Mediante estes abusos que aproveitavam as dispensas de portagem sobre certos
produtos, o monarca decidiu obrigar os dois lisboetas mencionados por Rui
Freire a pagar a portagem em falta e repôs “todollos
dirreitos e rendas” que “sempre ouve
a dicta Ordem de Santiaguo” em Arruda, alegando que a sua “tençom non foi quando lhas demos (as
isenções) (…) seer per ellas feito
perjuizo aa dicta Ordem neem aos que esse logo teem”[19].
[1] Cf. Cortes
Portuguesas: Reinado de D. Fernando I (1367-1383), Vol. I, Organização
de A. H. de Oliveira Marques, Lisboa, Instituto Nacional de Investigação
Científica, 1990, art.68ª, pp.47-48.
[2] Cf. Idem, ibidem, art.68ª,
p.48.
[3] Cf. Chancelarias
Portuguesas: D. João I , Vol. II - Tomo I, Organização João José Alves
Dias Lisboa, U.N.L., 2005, doc.[II-110], p.65.

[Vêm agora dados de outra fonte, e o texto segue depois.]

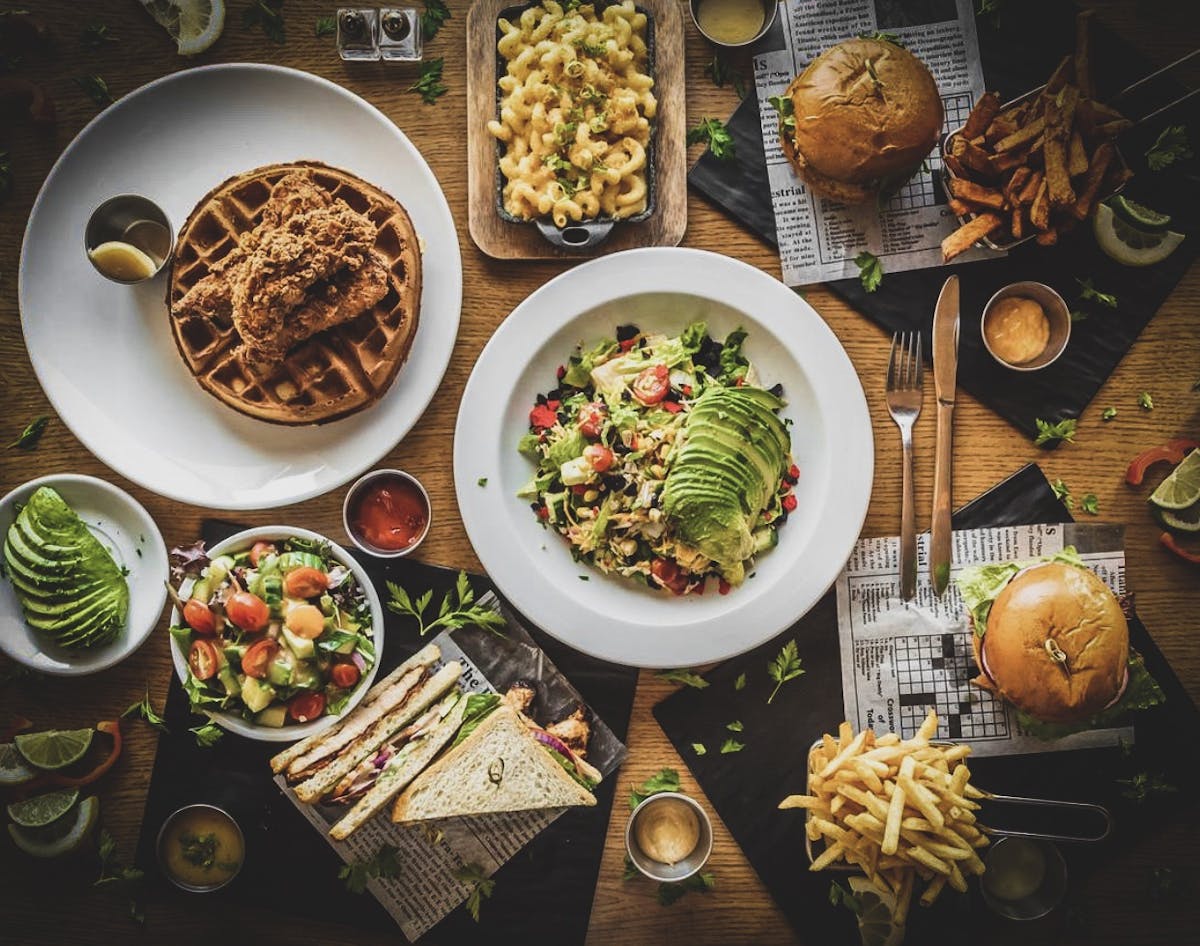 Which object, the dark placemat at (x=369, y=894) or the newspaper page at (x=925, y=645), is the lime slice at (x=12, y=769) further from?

[4] Cf. Idem, ibidem, doc.[II-110], p.65.
[5] Cf. Idem, ibidem, doc.[II-110], p.65.
[6] Cf. Chancelarias
Portuguesas: D. Afonso IV, Vol. II, Organizador A. H. de Oliveira
Marques, Lisboa, Instituto Nacional de Investigação Científica, 1992,
doc.56, p.113.
[7] Idem, ibidem, doc.56, p.113.
[8] Idem, ibidem, doc.56, p.114.
[9] Cf. Chancelarias
Portuguesas: D. João I , Vol. II - Tomo III, Organização João José
Alves Dias Lisboa, U.N.L., 2005, doc.[II-1120], p.39.
[10] Cf. Idem, ibidem, doc.[II-1120], p.39.
[11] Cf. Idem, ibidem, doc.[II-1120], p.40.
[12] Cf. Chancelaria
de D. Pedro I (1357-1367), Edição A. H. de Oliveira Marques, Lisboa, Instituto
Nacional de Investigação Científica, 1984, doc.705, p.324.
[13] Cf. Idem, ibidem, doc.705, p.324.
[14] Cf. Idem, ibidem, doc.967, p.
[15] Cf. Idem, ibidem, doc.967, p.
[16] Cf. Idem, ibidem, doc.967, p.
[17] Cf. Idem, ibidem, doc.166, p.309.
[18] Cf. Idem, ibidem, doc.166, p.309.
[19] Cf. Idem, ibidem, doc.166, p.310.